I bought a pair of capri pants at C&A last week, in the Ring Center at Schönhauser Allee, which was the first time I’d engaged with the chain since I started shopping for my own clothes. It was me and a bunch of retired ladies in there and for a second I had serious doubts about my fashion choices. Later that evening, however, I saw an influencer on Instagram wearing a similar pair and felt somewhat reassured. A little smug even at my cute little fashion hack, an act of détournement as trend cycles become so accelerated that out and in is purely a matter of who’s wearing it.

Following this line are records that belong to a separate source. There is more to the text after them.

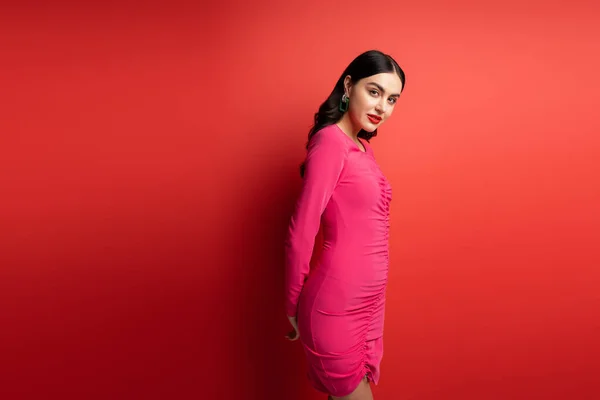 Glamorous woman with brunette hair and trendy earrings standing in magenta party dress while posing and looking at camera on red background — Stock Photo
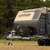 Off-road caravan parked in a grassy clearing, representing GPS tracking solutions for caravans, RVs, trailers, and off-grid travel.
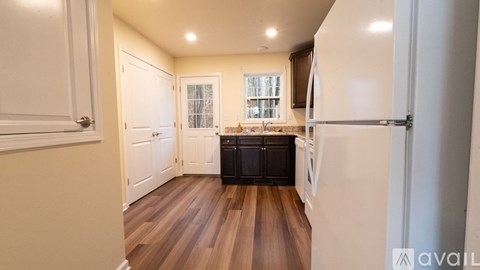 A kitchen with white cabinets and a black fridge.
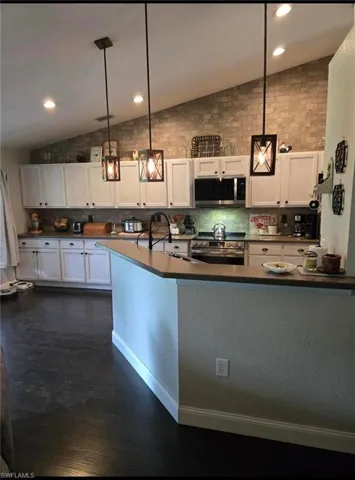 Kitchen with vaulted ceiling, white cabinetry, appliances with stainless steel finishes, and hanging light fixtures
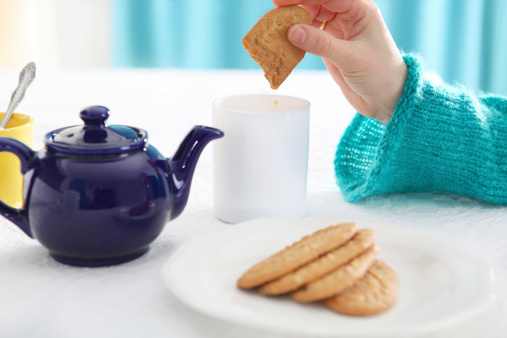 dipping biscuit into tea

I’ve recently learned that in the right light, nearly anything can become a vintage gem, or that is at least what the rise and proliferation of online resale platforms seem to promise, as they overflow with shreds of jersey remerging as Y2K relics. I’ve bought in and am on the lookout for the perfect pair of kitten heels to match my new pants. The difference between infinite and nearly infinite may seem boundless in itself, but scrolling through this ocean of stuff, such a distinction hardly matters. A stream of headless mannequins, performing carefully studied poses in ill-lit bedrooms, all trying to sell me something they no longer desire.

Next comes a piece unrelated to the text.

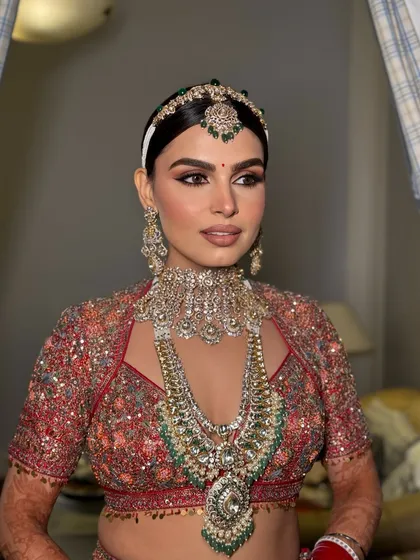 A close up of the makeup, showing the soft yet defined eye work and the perfectly sculpted skin. This is a classic bridal look that will never go out of style.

Hanna Stiegeler’s latest series of screenprints delve deep into the semiotics of online thrifting. By appropriating photos uploaded by users modelling their items, she exposes ubiquitous visual tropes as they trickle down from high-fashion advertising into people’s bedrooms. I linger on one particular image: shellac nails protrude from a perfectly manicured hand, which rests on a tilted thigh with such gentle but assured precision it becomes a gesture that demands a response. Another hand disappears behind a hip that curves upwards, tilting the torso into a diagonal that becomes the middle part in a perfect S curve: contrapposto. She mimics the glossy billboard images nobody can escape, but the messy bedroom in the background breaks the illusion. To acquire an item of clothing is to ask yourself: who do I want to be? And of course, the fashion industry provides a variety of answers, all mirages of shiny perfection just a click away. Inversely, this imitation of highly stylized composure that collides with such blatant realism creates an uncanny dissonance and makes me think that this is definitely not the kind of person I want to be. Yet, Stiegeler manages to tease out the accidental beauty in the randomness of the snapshots, where intention and effect so drastically diverge.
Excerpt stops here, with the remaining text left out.